Stored records
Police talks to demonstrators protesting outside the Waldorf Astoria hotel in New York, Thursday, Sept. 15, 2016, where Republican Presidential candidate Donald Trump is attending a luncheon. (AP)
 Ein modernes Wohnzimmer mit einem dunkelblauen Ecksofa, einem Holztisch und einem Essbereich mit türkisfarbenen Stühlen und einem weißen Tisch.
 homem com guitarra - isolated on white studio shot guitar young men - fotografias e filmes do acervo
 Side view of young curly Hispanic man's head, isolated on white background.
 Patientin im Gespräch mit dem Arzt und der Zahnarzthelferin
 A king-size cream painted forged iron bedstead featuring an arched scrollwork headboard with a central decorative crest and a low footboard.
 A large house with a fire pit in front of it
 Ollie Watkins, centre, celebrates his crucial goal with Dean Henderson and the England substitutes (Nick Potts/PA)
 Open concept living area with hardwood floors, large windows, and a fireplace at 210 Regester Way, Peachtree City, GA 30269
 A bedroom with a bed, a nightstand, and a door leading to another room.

- ABOUT THIS TASK
Output a faithful copy of every entry, keeping each line as written.

- REPLY
Police talks to demonstrators protesting outside the Waldorf Astoria hotel in New York, Thursday, Sept. 15, 2016, where Republican Presidential candidate Donald Trump is attending a luncheon. (AP)
 Ein modernes Wohnzimmer mit einem dunkelblauen Ecksofa, einem Holztisch und einem Essbereich mit türkisfarbenen Stühlen und einem weißen Tisch.
 homem com guitarra - isolated on white studio shot guitar young men - fotografias e filmes do acervo
 Side view of young curly Hispanic man's head, isolated on white background.
 Patientin im Gespräch mit dem Arzt und der Zahnarzthelferin
 A king-size cream painted forged iron bedstead featuring an arched scrollwork headboard with a central decorative crest and a low footboard.
 A large house with a fire pit in front of it
 Ollie Watkins, centre, celebrates his crucial goal with Dean Henderson and the England substitutes (Nick Potts/PA)
 Open concept living area with hardwood floors, large windows, and a fireplace at 210 Regester Way, Peachtree City, GA 30269
 A bedroom with a bed, a nightstand, and a door leading to another room.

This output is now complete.